II juni 1960
Mijn allerliefste Bep en kinders,
Nu voel ik pas goed hoe sterk we wel met elkaar verbonden zijn, hoe lief en flink jullie zijn. Wat zal het moeilijk voor jullie zijn, en voor elk van jullie op de eigen manier, het hoofd te bieden aan onbegrip, aan kletspraat, aan alles wat nu op jullie af stormt. Gelukkig hebben de mensen sinds de oorlog geleerd, dat het niet altijd een schande is om in de gevangenis te zitten. En gelukkig kennen jullie papa goed genoeg, en kennen ook zijn vrienden en bekenden hem goed genoeg, om te weten dat hij steeds rechtuit door het leven is gegaan, en dat zal blijven doen! Jij zult nu wel eerstdaags bij me op bezoek mogen, Bep. Wat is die gedachte heerlijk, hè. Ik moet lachen en krijg ook tranen in de ogen van blijdschap als ik eraan denk. En dan zullen jullie, m'n kinders, toch ook wel eens gauw mogen komen. En oma misschien ook wel een keertje (wanneer komt ze terug van vakantie?) Ze zal wel schrikken, maar ze is een ouwe taaie, die na het leven met oom Henk en wat daarna gebeurd is in Ravensbrück, ook nu de tanden op elkaar zal zetten. Ze zal in de toekomst wel vaak bij jullie zijn, dat weet ik zeker.
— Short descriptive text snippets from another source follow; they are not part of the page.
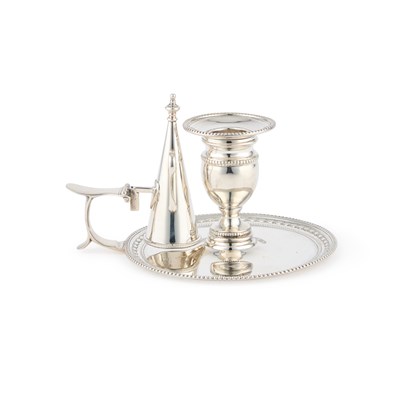 Lot 370 - A LATE VICTORIAN SILVER CHAMBERSTICK
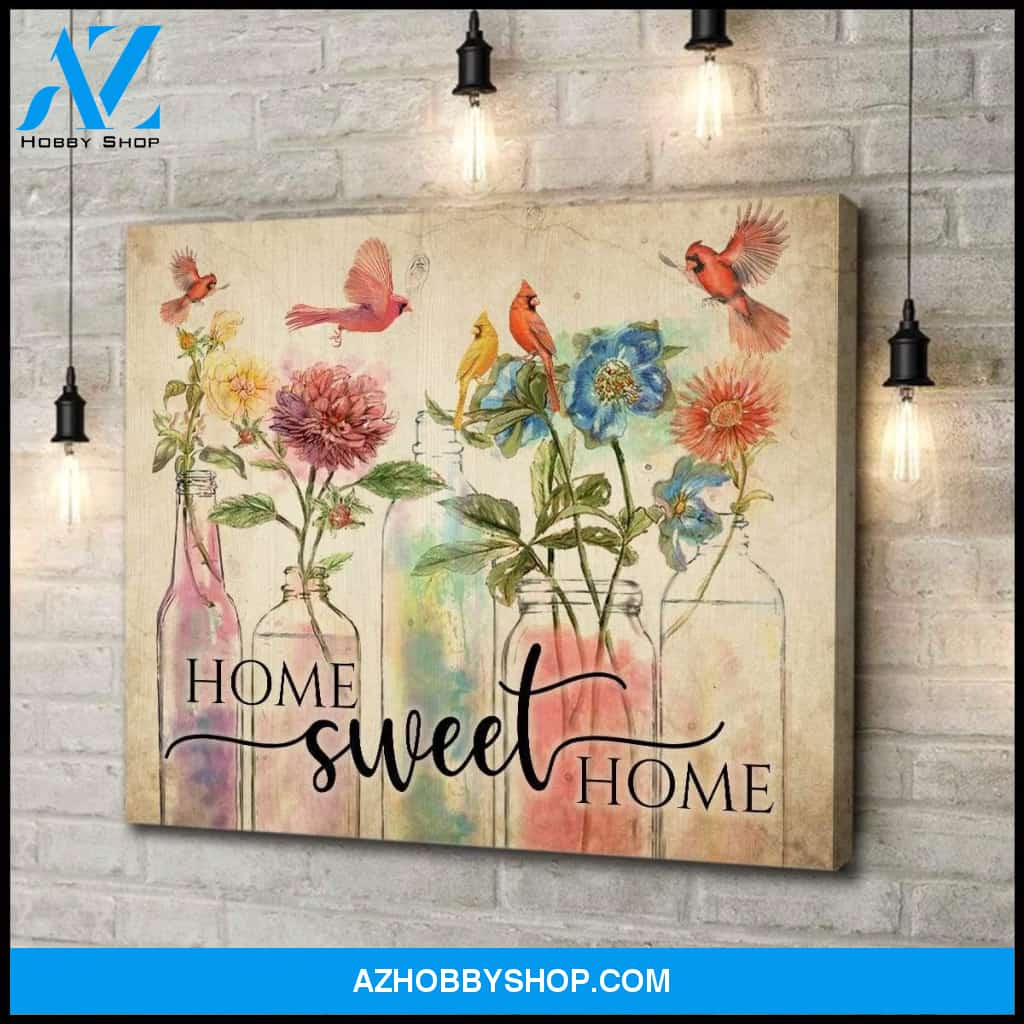 Cardinal Home Sweet Home Wall Art Canvas Prints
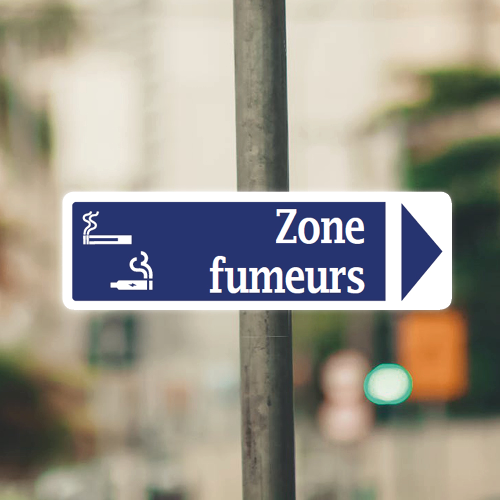 Panneau d’indication zone fumeur droite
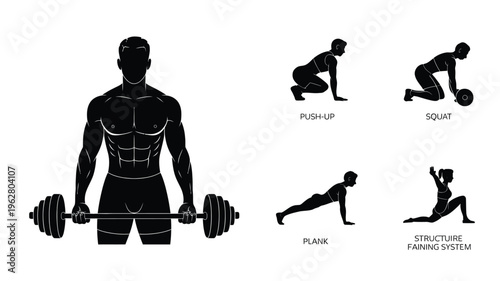 Fitness silhouette illustration featuring barbell weightlifting, push-up exercise, squat training, plank workout, lunge posture, strength building artwork and gym lifestyle design collection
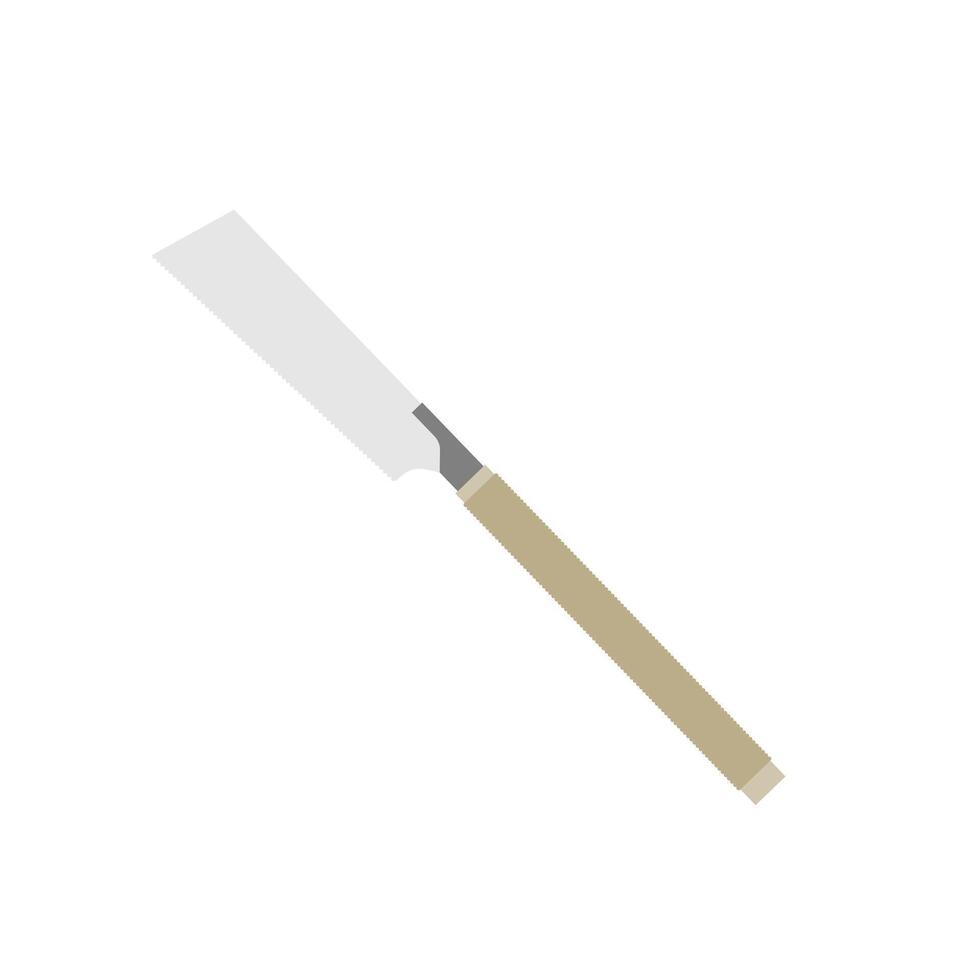 kataba japanese hand saw flat design vector illustration. hacksaw with orange handle isolated on white background. Carpenter or repairmen handsaw vector icon in flat cartoon style. Construction tool.
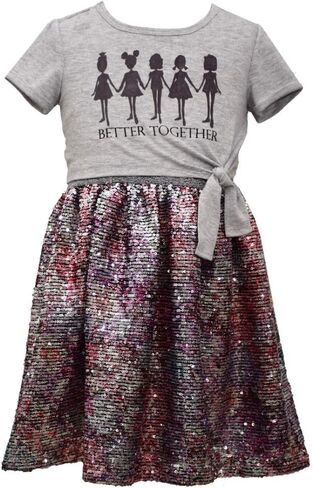 Bonnie Jean Girl's Dress - Girl Power Sequin Dress for Little and Big Girls 4-6x and 7-16 in Saudi Arabia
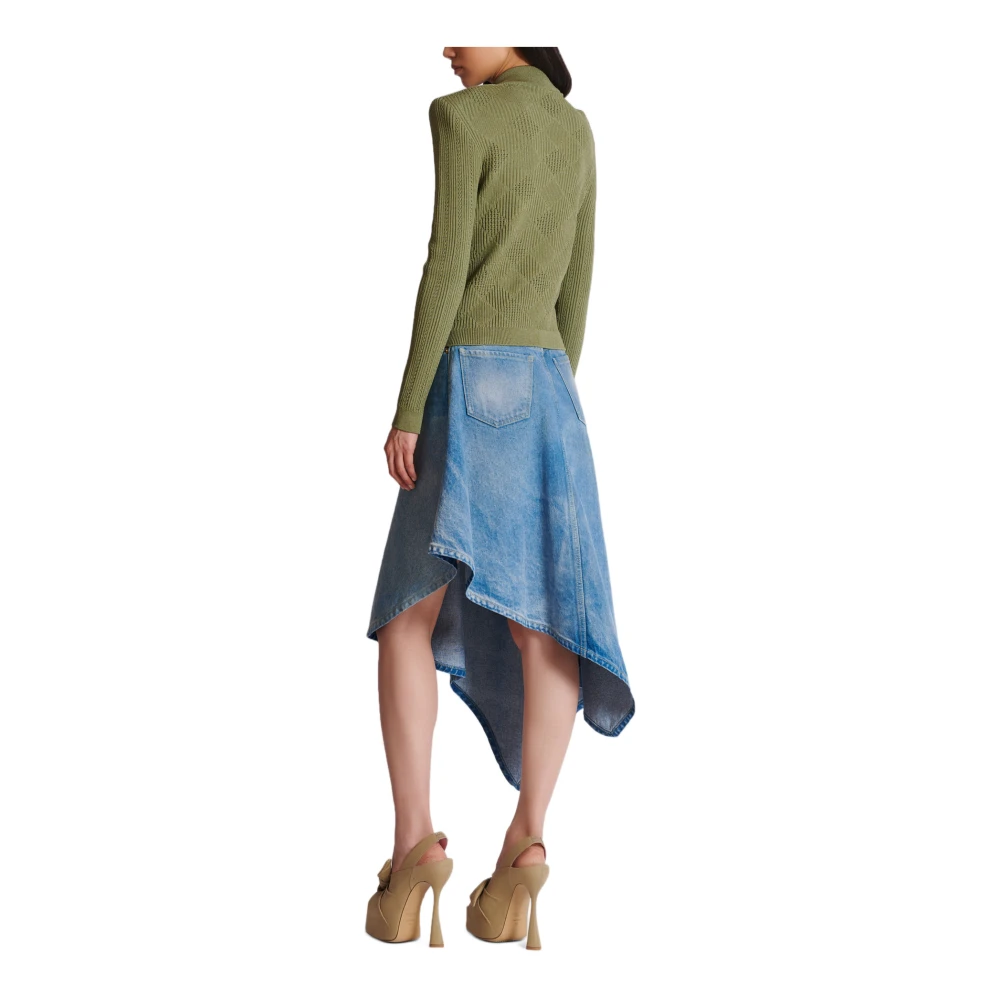 Balmain Gingham Openwork Knit Cardigan Green Dames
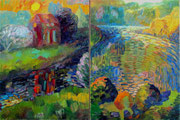 Landschaft mit Löwe, Diptychon je 75 x 100 cm, Öl auf Leinwand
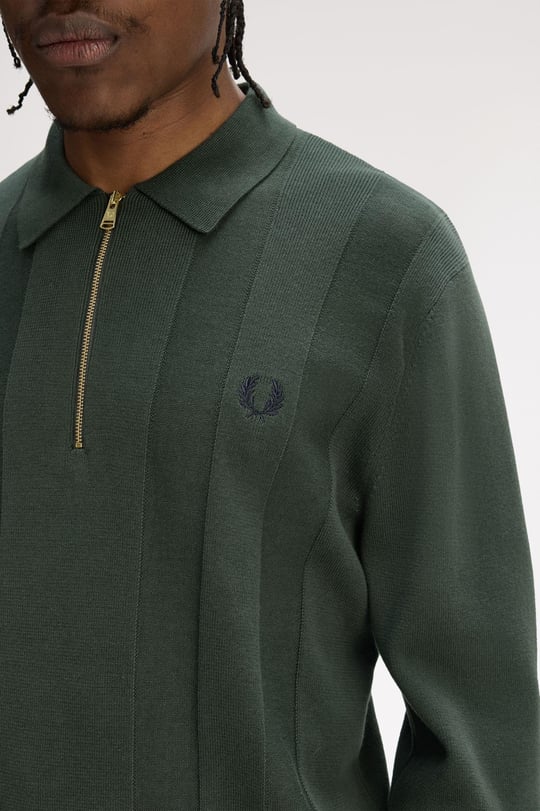 Fred Perry Fred Perry Erkek Fermuar Kapama Uzun Kol Regular Fit Yeşil Polo Yaka T-Shirt K1555-X89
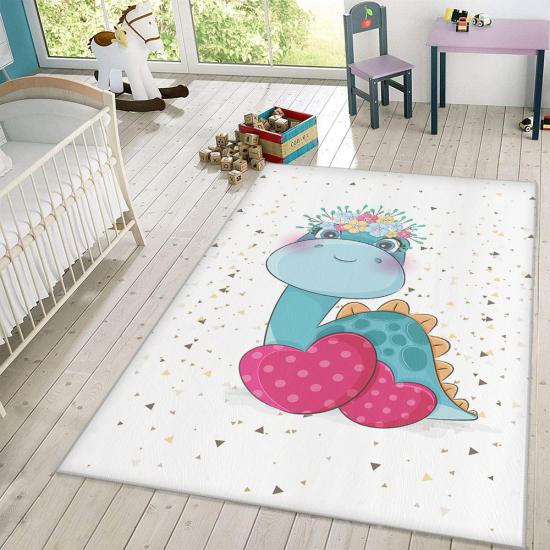 Dinozor Model Çocuk Odası Halısı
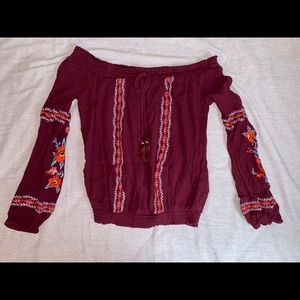 Burgundy off the shoulder crop top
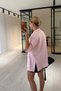 Belted Ornamental Pocket Detail Powder Pink Oversize Jacket - 3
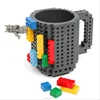 Desk Ornament 12oz 350 ml Build-On Brick Mug Coffee Cup Water Bottle Puzzle Toy Mug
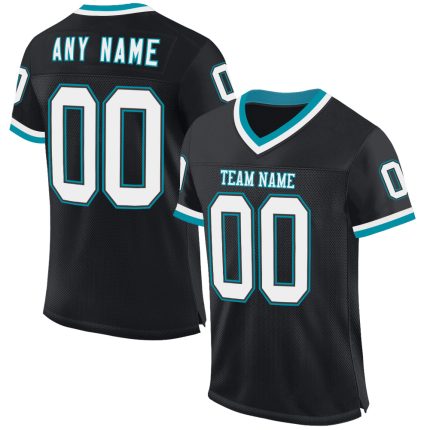 Personalized Black White Teal Mesh Throwback Football Jersey for Men Personalized Black White-Teal Mesh Throwback Football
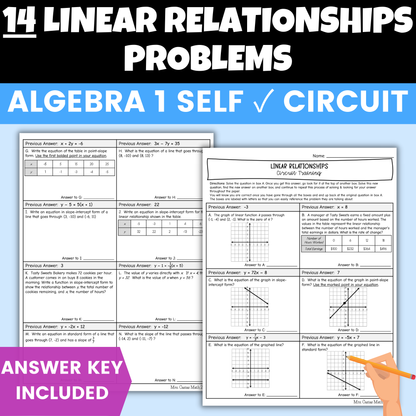 Linear Relationships Worksheet Self Checking Circuit Activity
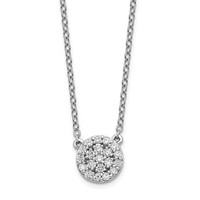 14K White Gold 0.20 Carat Lab Grown Diamond VS SI+ G+ Complete Necklace, 18" view 1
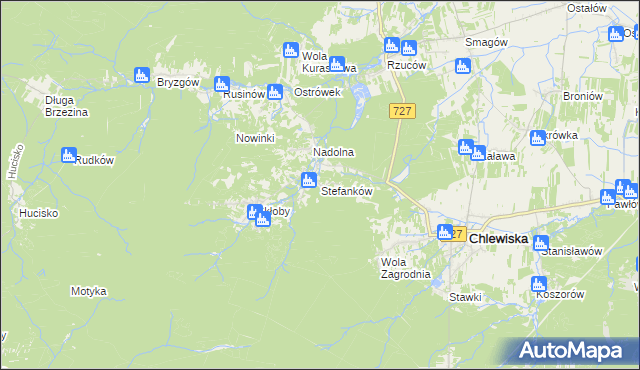 mapa Stefanków gmina Chlewiska, Stefanków gmina Chlewiska na mapie Targeo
Ik heb net gelucht, heerlijk in het zonnetje. Door een of andere ambtenaar werd me gevraagd of ik rookte, en heb nee gezegd. Het is nu de derde dag dat ik niet meer rook (al had ik er vaak gelegenheid toe) en daar, naar allerlei wijzen beweren, de derde dag de moeilijkste is, is de situatie hoopvol.
Zoeven is me gezegd, dat drie leden van het gezin samen eens per week een kwartier op bezoek mogen. Bezoekdag èn uur moet jij aanvragen, Bep. Dan krijg je bericht.